Cette migration a augmenté de façon spectaculaire, toujours selon le rapport de l’AFL-CIO : rien qu’en 2014, plus de 18.000 enfants honduriens non accompagnés sont arrivés aux États-Unis.

« Aujourd’hui, la migration est vue par de nombreuses familles comme un moyen d’échapper à la violence, de chercher un emploi ou de réunir une famille, alors que pour le gouvernement, le rapatriement de salaires est une source de revenus importante », peut-on lire dans le rapport.

Josie Camacho, secrétaire exécutive de l’Alameda Central Labor Council en Californie participant à la délégation, a déclaré aux journalistes d’Equal Times : « En tant que mère, je ne pouvais pas comprendre les raisons qui poussent une mère hondurienne à demander à son enfant de voyager, seul, pendant 1700 miles (plus de 2700 kilomètres) vers la frontière et de s’en remettre à des personnes peu scrupuleuses.

J’ai pu constater sur le terrain les conséquences de notre politique militaire et aujourd’hui, je vois que les gens n’ont pas le choix. Nous devrions les accueillir et les protéger, cela correspond à la vraie définition des syndicats. »

Trois quarts de ces migrants, arrivés aux États-Unis après l’amnistie de 1986, sont sans papiers.

De ce fait, les Honduriens, y compris les enfants, subissent les effets de la politique américaine de rapatriement en masse, qui a touché près de 400.000 personnes par an pendant six années.

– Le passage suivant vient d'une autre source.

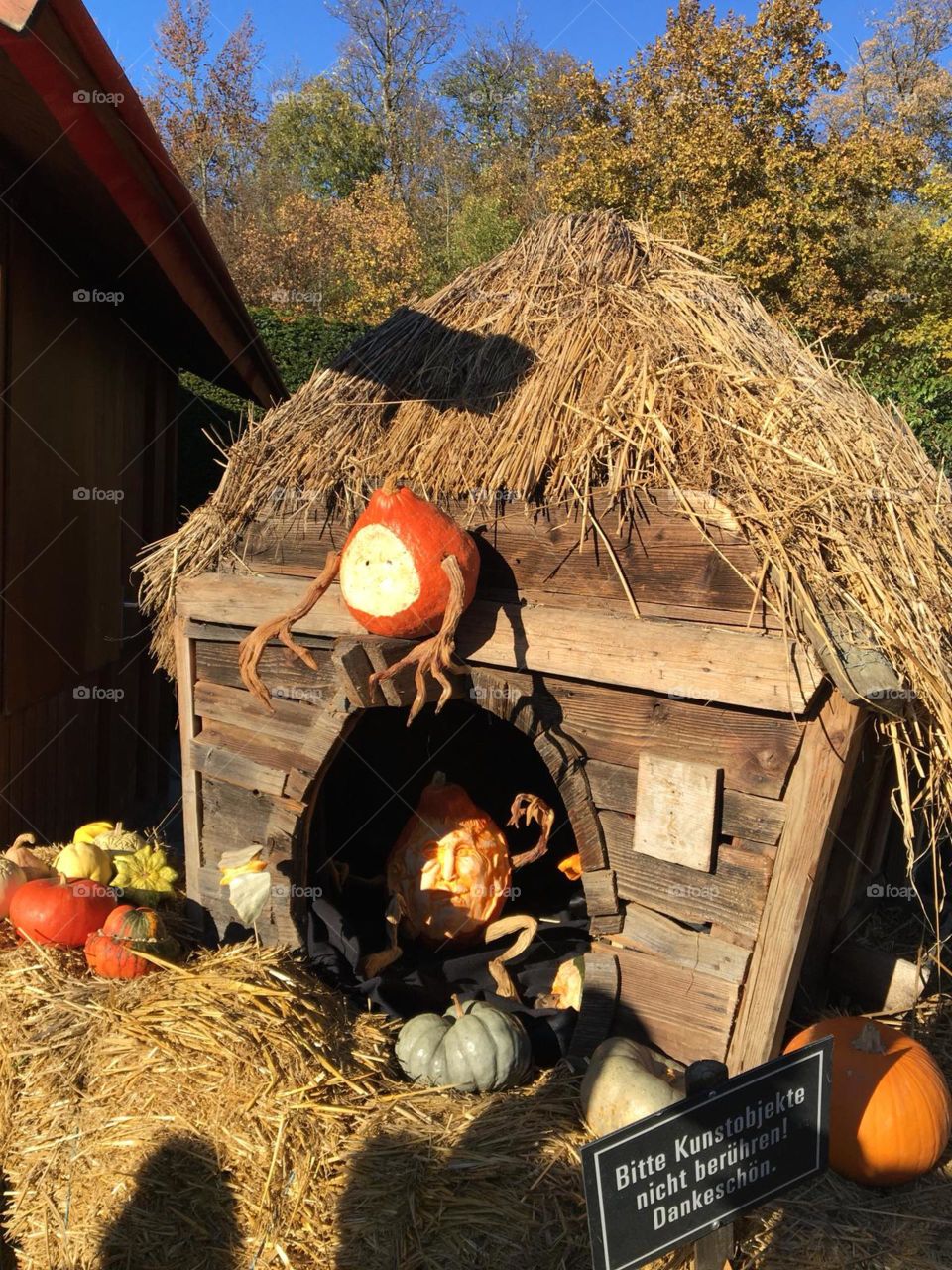 Do you see the little mouse?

Rien qu’en 2013, les États-Unis ont renvoyé 37.049 Honduriens.

L’année dernière, le président de l’AFL-CIO, Richard Trumka, a demandé au président Obama de suspendre les rapatriements : « La poursuite des rapatriements ne correspond pas à nos valeurs en tant que pays », a-t-il déclaré, exigeant « la fin d’un processus de déportation qui criminalise des immigrants qui travaillent dur et qui rapatrie des centaines et des centaines de personnes par jour sans aucune comparution devant un juge ».

Néanmoins, le rapport s’éloigne des réformes des politiques d’immigration proposée par le gouvernement américain et le parti démocrate au Congrès qui suggèrent des extensions des programmes temporaires de travailleurs invités en vertu desquels les travailleurs reçoivent de faibles salaires et disposent de peu de droits au travail ou civils.

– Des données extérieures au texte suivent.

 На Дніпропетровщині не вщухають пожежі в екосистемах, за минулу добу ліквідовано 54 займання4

« Les programmes de visa temporaire ne constituent pas une alternative sûre à la migration illégale », explique le rapport, s’appuyant sur des exemples de violations des droits aux États-Unis et des abus au niveau du recrutement, y compris des extorsions, des fraudes et des confiscations de papiers.

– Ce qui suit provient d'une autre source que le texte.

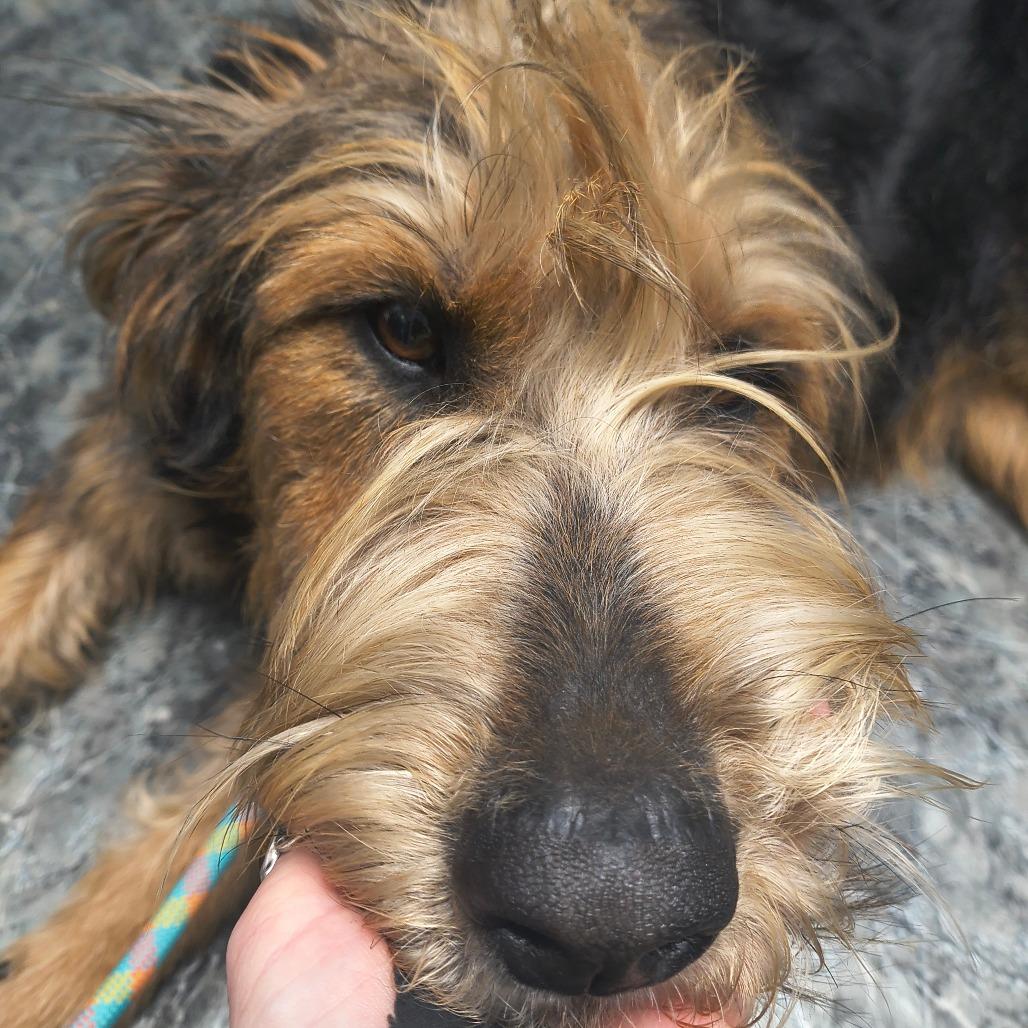 Lady, Adoptable, Young Female Airedale Terrier.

Il émet plusieurs recommandations, destinées tant au gouvernement américain que hondurien, principalement l’extension du statut de réfugiés aux États-Unis aux personnes, surtout aux enfants, qui fuient la violence et les persécutions, et la fin de l’emprisonnent en nombre de migrants.

Enfin, pour l’AFL-CIO, le gouvernement des États-Unis doit abandonner des politiques qui « criminalisent des enfants migrants et leur famille, tout en conservant des accords commerciaux qui déplacent simultanément des agriculteurs de subsistance et des faibles salaires et normes vers d’autres secteurs, et éliminent de bons emplois, ce qui accentue les conditions économiques poussant à la migration ».